Note: "permalinks" may not be as permanent as we would like,
direct links of old sources may well be a few messages off.
Lars Ellenberg wrote:
> / 2006-09-19 16:44:14 +0200
> \ Maciej Bogucki:
>
>>Hello,
>>
>>I've been using drbd for the past few years without any problems, but now my problem is a strange one.
>>I have HA mysql server with drbd 0.7.21 and kernel 2.6.17. When mysql
>>Partition (mysql databases) is on drbd device(datadb), server gets
>>lags - no response for 1-4seconds. It isn't network related problem(there in no packet lost!!), but
>>console (keyboard and monitor are directly connected) and all processes on server hangs too! The problem only
>>apears when mysql database is on drbd device, and everything is working fine when I move data to non drbd
>>device(sda). So I'm sure that it is drbd or kernel problem. When I migrate mysql to secondary machine, I have the
>>same problems, so I think that hardware is ok :)
>>The same problem is with drbd 0.7.17 with kernel version 2.6.14.
>>The strangest thing is, that I have the same hardware and
>>Software (drbd,kernel) in another location and there is no problems. One
>>change is that there I have apache instead of mysql.
>>Any ideas?
>
>
> outside drbd:
> verify what io scheduler you use.
> I'd recommend to use "deadline" on servers.
I have had "cfq" scheduler, but I changed it do "deadline", and I still
have lags :(
>
> in drbd:
> you could play with "unplug-watermark" and "max-epoch-size" (and
> possibly max-buffers).
> when I say "play", I mean it. it could get better if you increase,
> it could get better when you decrease, it could get better if you
> adjust in opposite directions (where possible), and it could happen to
> have no noticable effect at all, which is all very dependent on your
> lower level io subsystem and on network timings and ...
I know, than I can play with them, but there is another strange thing.

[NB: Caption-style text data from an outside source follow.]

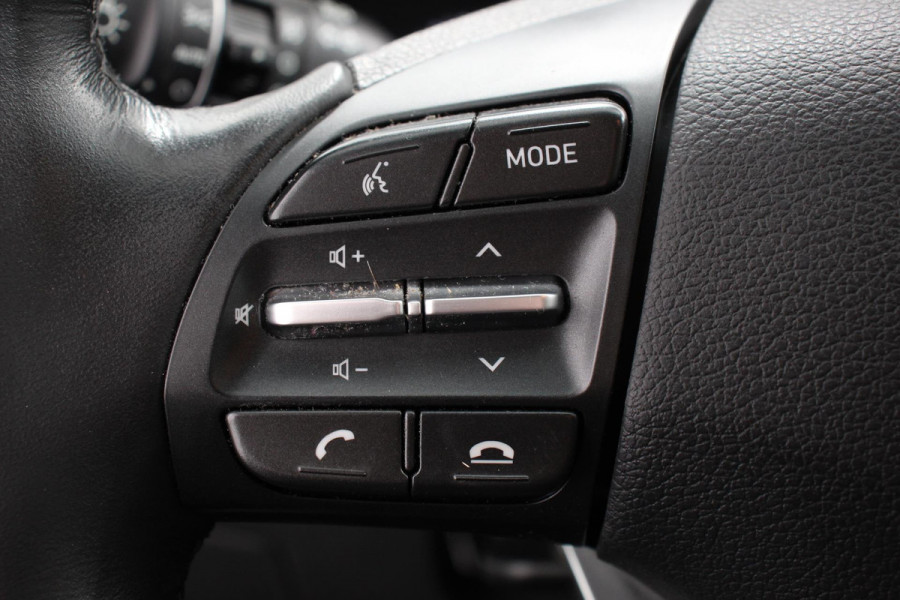 Hyundai i30 Wagon 1.0 T-GDi 120 Pk Essential Navigatie Apple Carplay/Android Auto Climate Control Camera Afneembare Trekhaak Lane Assist Privacy Glass Keyless Go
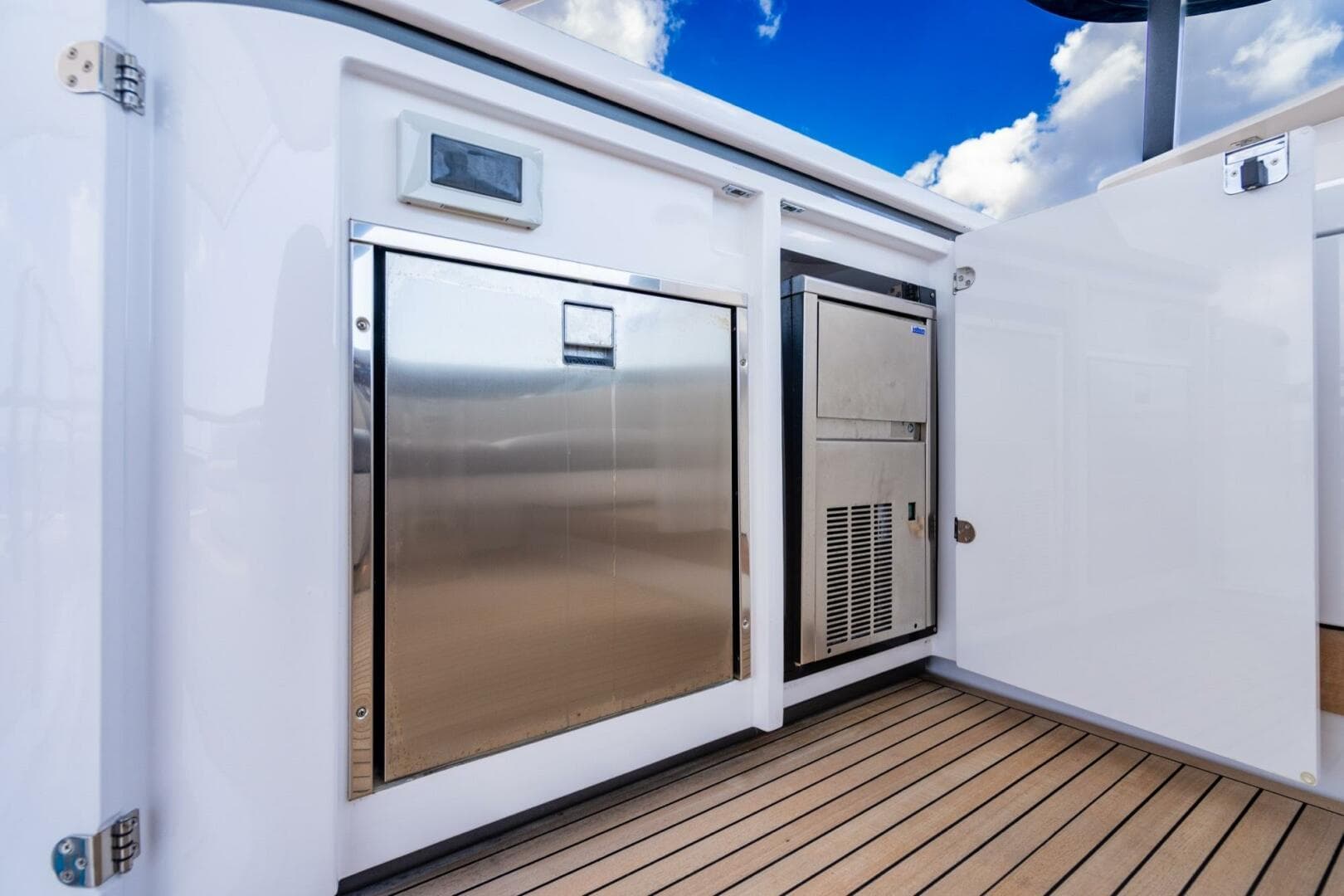 2023 Azimut Fly 68 — photo 31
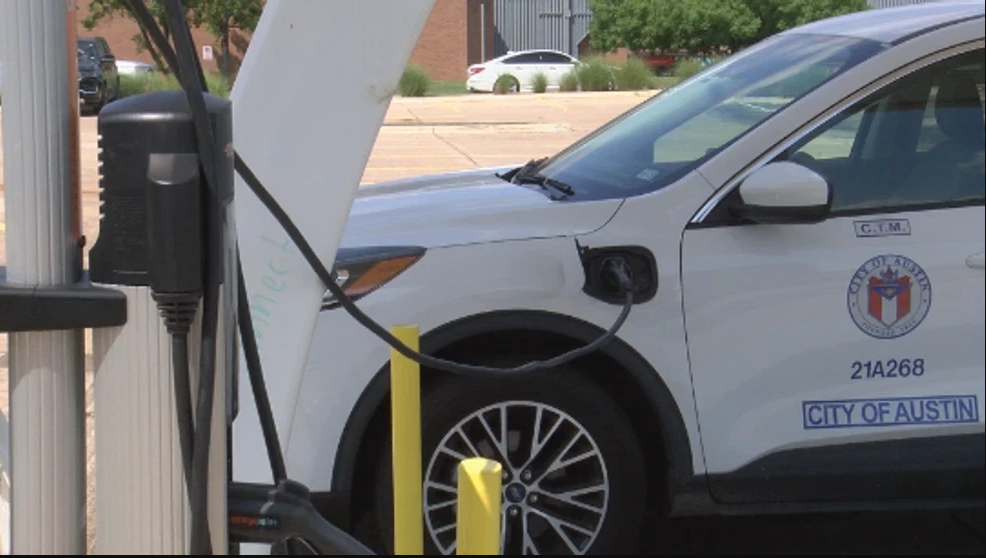 Austin ha ahorrado $25 millones con cientos de vehículos eléctricos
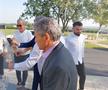 Stere Halep face spectacol cu acordeoniștii. foto: Mitruț Docan/GSP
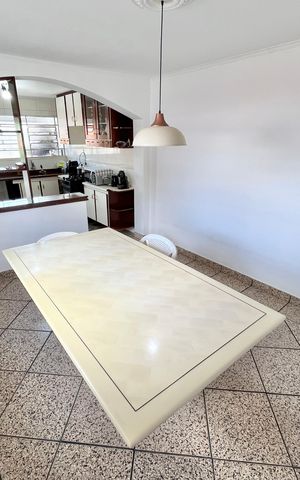 Casa à venda com 212m², 3 quartos e 4 vagas Casa à venda com 212m², 3 quartos e 4 vagasSala de Jantar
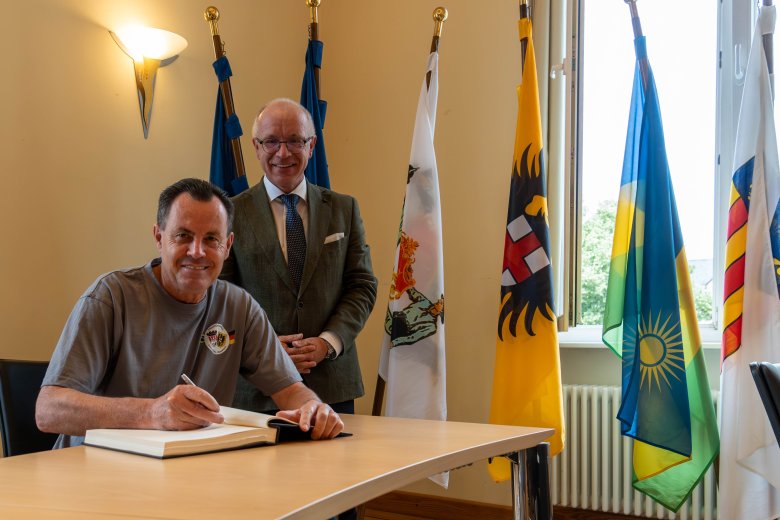 Der Bürgermeister von Arroio do Meio, Danilo José Bruxel (links), trägt sich im Beisein von Boppards Bürgermeister Jörg Haseneier ins Goldene Buch der Stadt Boppard ein. 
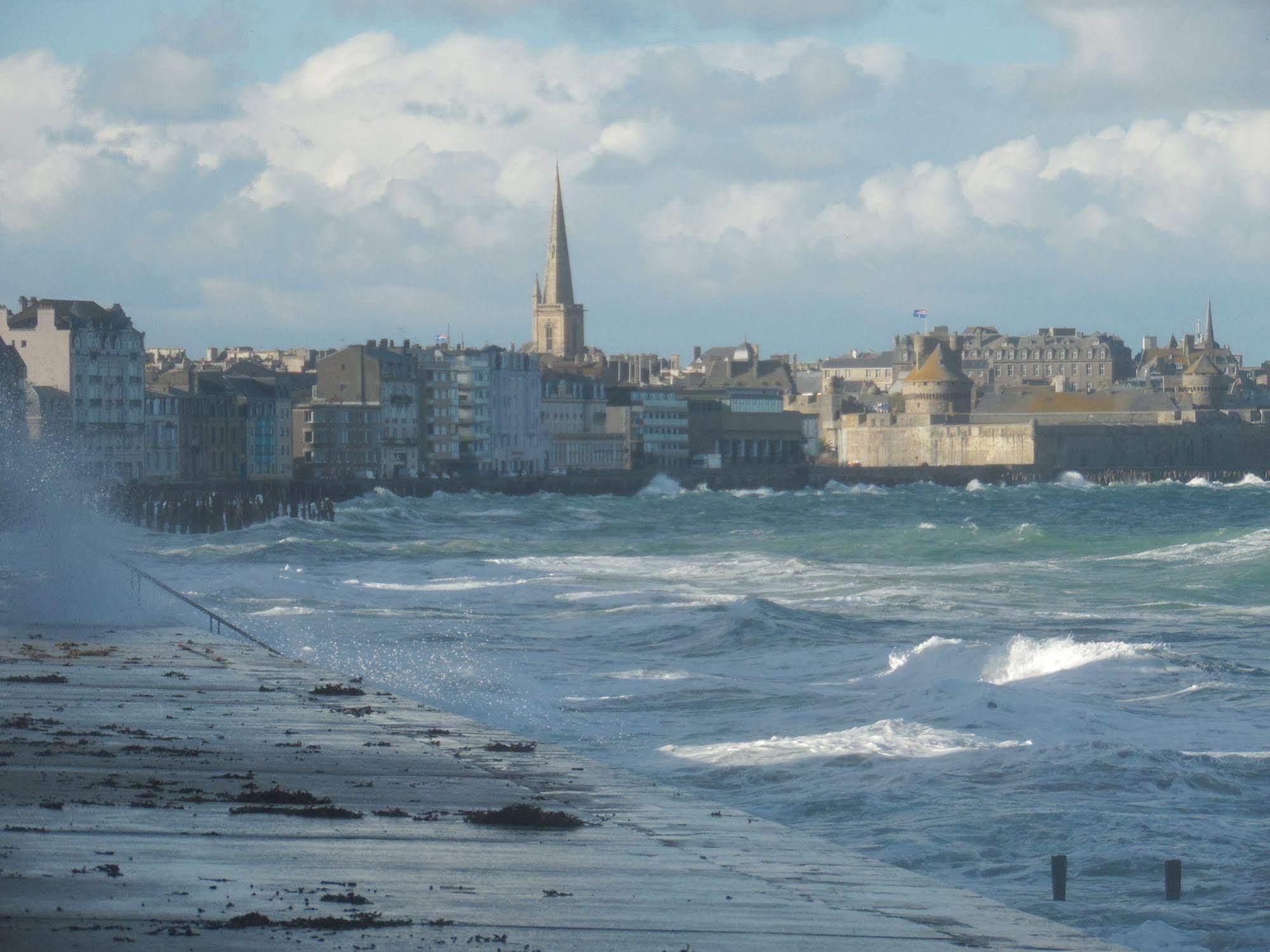 Résidence La Hoguette Saint-Malo Exterior foto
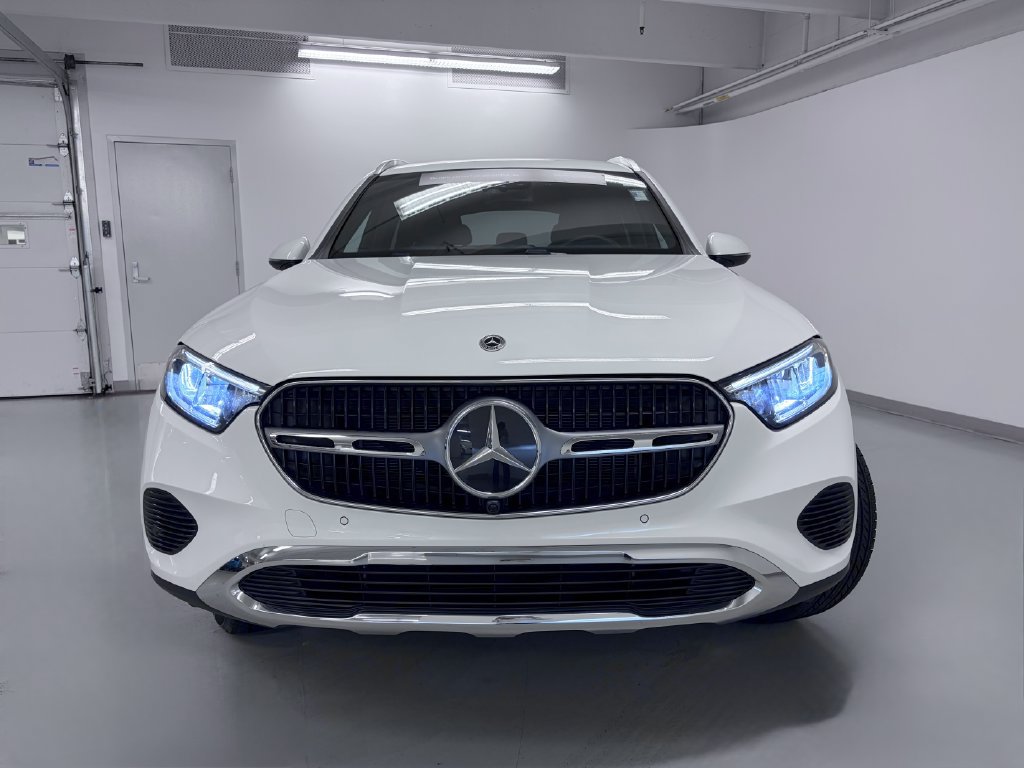 Certified 2026 Mercedes-Benz GLC 300 4MATIC image 4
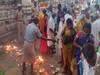 புரட்டாசி சனிக்கிழமை: கோயில்கள் மூடப்பட்டதால் வெளியிலேயே மொட்டை போட்ட பக்தர்கள்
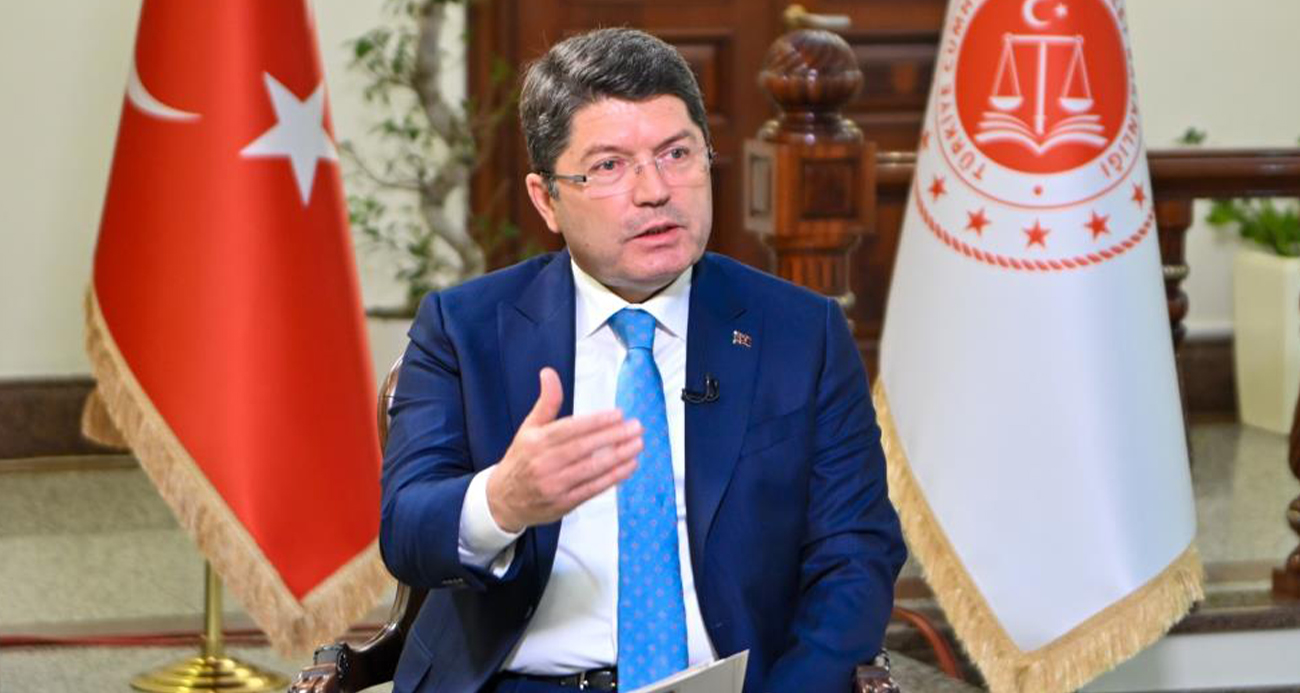 Adalet Bakanı Tunç: "Peygamber Efendimizin karikatürünün çizilmesiyle ilgili soruşturma başlatılmıştır"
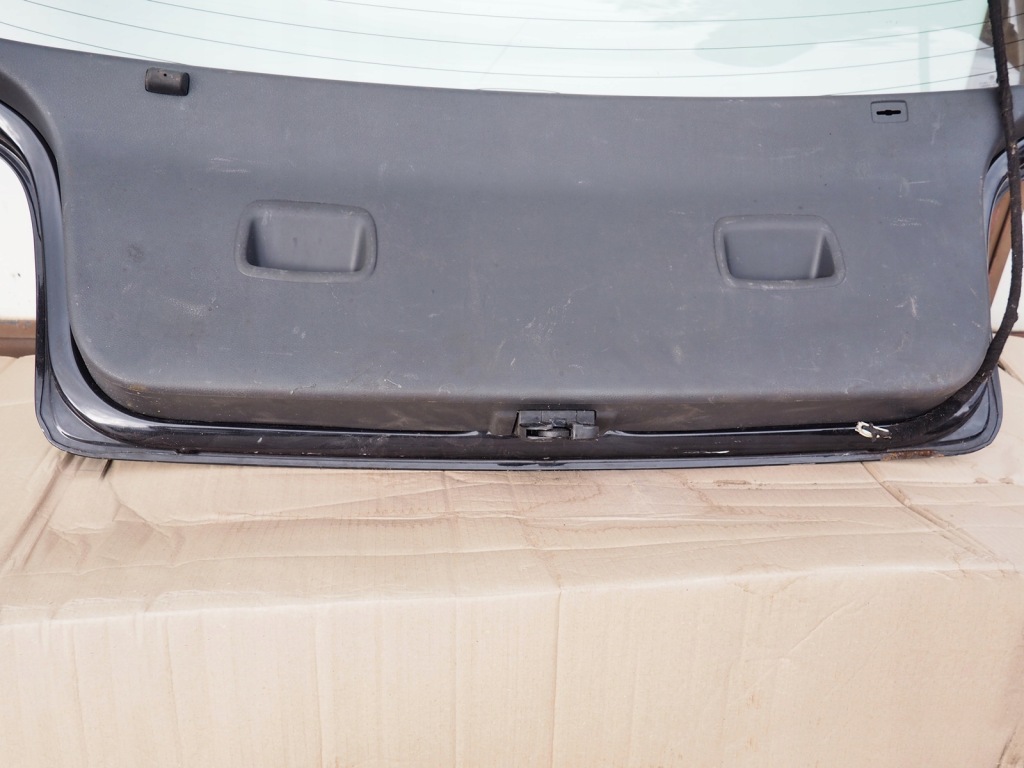 фото №6, Vw polo 9n крышка багажника задняя задняя багажника с стекло цвет lc9z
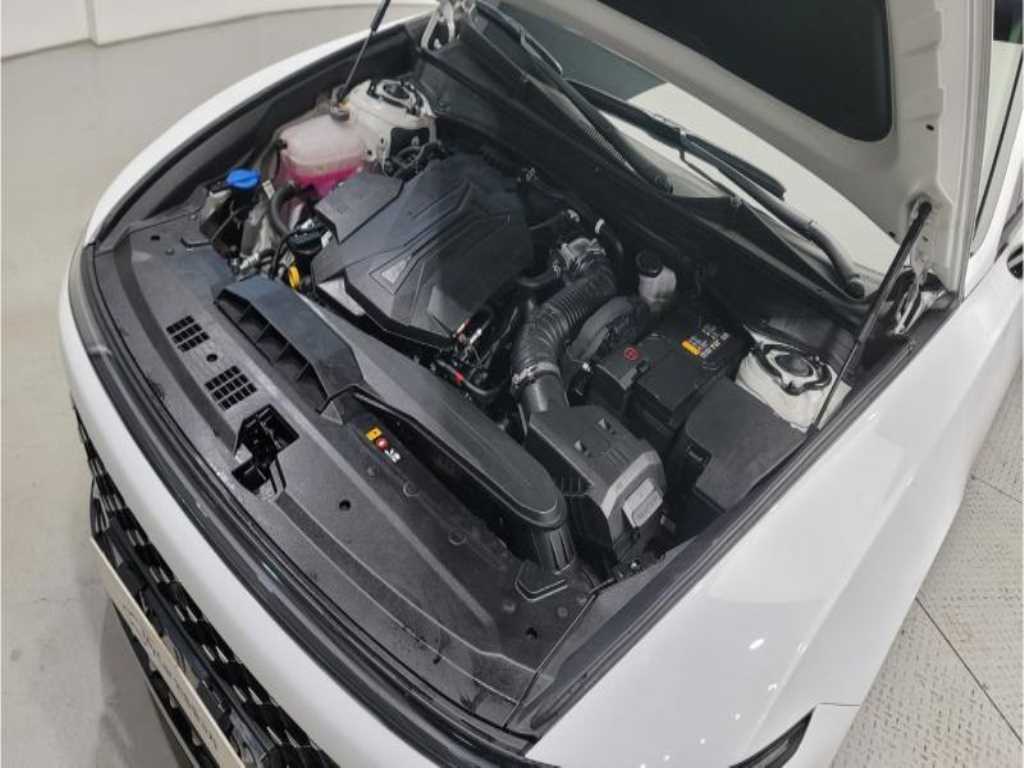 HYUNDAI Grandeur - Vista 11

When I disconnect secondary node(shutdown heartbeat, and drbd) I get
lags also. Also I don't have much traffic on database(1256 writes per
minute - so I's 20KB per seconds, and only a few reads per minute), so
playing with "net" parameters is not necessary in my case. I think that
it is drbd bug or some stupid thing :)
>>resource datafs {
>> protocol C;
>> incon-degr-cmd "echo '!DRBD! pri on incon-degr' | wall ; sleep 60 ; halt -f";
>
>
> I know the "halt -f" is in the example config, but you may want to
> consider to write something like "sleep <verylargenumber>" or
> "killall -9 heartbeat ccm ipfail" instead...
But when I do like You write, there is a higher chance that I get split
brain. When I do "halt -f" the chance is minimal.
Best Regards
Maciej Bogucki